Adding to the sense that the attackers had received outside assistance, Kenya’s interior ministry reported that it had arrested “individuals” at the airport.
There was no official confirmation of the fate of the hostages, with Kenyan police earlier revising downward their estimate of the number being held from 30 to 10. Military planners had been using CCTV pictures of the interior of the complex to try to calculate both the numbers of terrorists as well as the position of hostages and members of the public still in hiding.
At the Oshwal centre, a Kenyan-Indian community centre and Jain temple, which has been offering emergency assistance to survivors as well as basic facilities for families awaiting news, there were only two wounded Kenyan soldiers on Monday.
The pillars of the underground car park, where volunteers, family and reporters have sheltered during the regular exchanges of fire nearby, have been plastered with pictures of the missing.
Among them was the smiling photograph printed on black and white paper of Ravi Ramrattan, a young man from the Caribbean, who was believed to be an alumnus of the London School of Economics.
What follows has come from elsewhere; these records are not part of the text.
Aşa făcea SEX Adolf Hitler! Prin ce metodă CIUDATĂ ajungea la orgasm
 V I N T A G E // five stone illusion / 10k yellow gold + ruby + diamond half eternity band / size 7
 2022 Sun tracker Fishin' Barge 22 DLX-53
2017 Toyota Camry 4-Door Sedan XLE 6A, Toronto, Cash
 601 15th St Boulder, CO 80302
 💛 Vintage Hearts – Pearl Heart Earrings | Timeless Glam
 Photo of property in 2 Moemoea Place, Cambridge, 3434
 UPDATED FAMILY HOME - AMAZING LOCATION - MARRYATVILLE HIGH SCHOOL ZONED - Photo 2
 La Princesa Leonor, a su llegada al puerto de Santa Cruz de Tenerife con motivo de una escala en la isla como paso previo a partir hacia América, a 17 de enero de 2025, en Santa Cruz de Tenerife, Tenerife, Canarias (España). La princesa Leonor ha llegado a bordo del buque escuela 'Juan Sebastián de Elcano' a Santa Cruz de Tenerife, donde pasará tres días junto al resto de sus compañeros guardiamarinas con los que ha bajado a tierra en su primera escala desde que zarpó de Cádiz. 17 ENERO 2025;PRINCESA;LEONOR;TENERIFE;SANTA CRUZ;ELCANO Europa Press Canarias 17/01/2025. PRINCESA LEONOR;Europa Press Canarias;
His body was among those identified in the Nakumatt supermarket.
He had initially maintained contact with friends on the outside through text messages and phone calls. One of his friends, who had volunteered to counsel survivors as he kept vigil for Mr Ramrattan, said that, trapped inside, he had kept asking when the rescue operation would reach him. When he stopped replying to messages it had been hoped that his phone’s battery was exhausted. It is not known exactly how and when he died.
Meanwhile, there was the suggestion the attackers were taking orders from Somalia. A spokesman from al-Shabaab in Somalia, Sheikh Ali Mohamud Rage, restated the group’s claim to the attack. In an audio file posted on a website, he said the militants had been ordered to “take punitive action against the hostages” if security forces tried to storm their way in.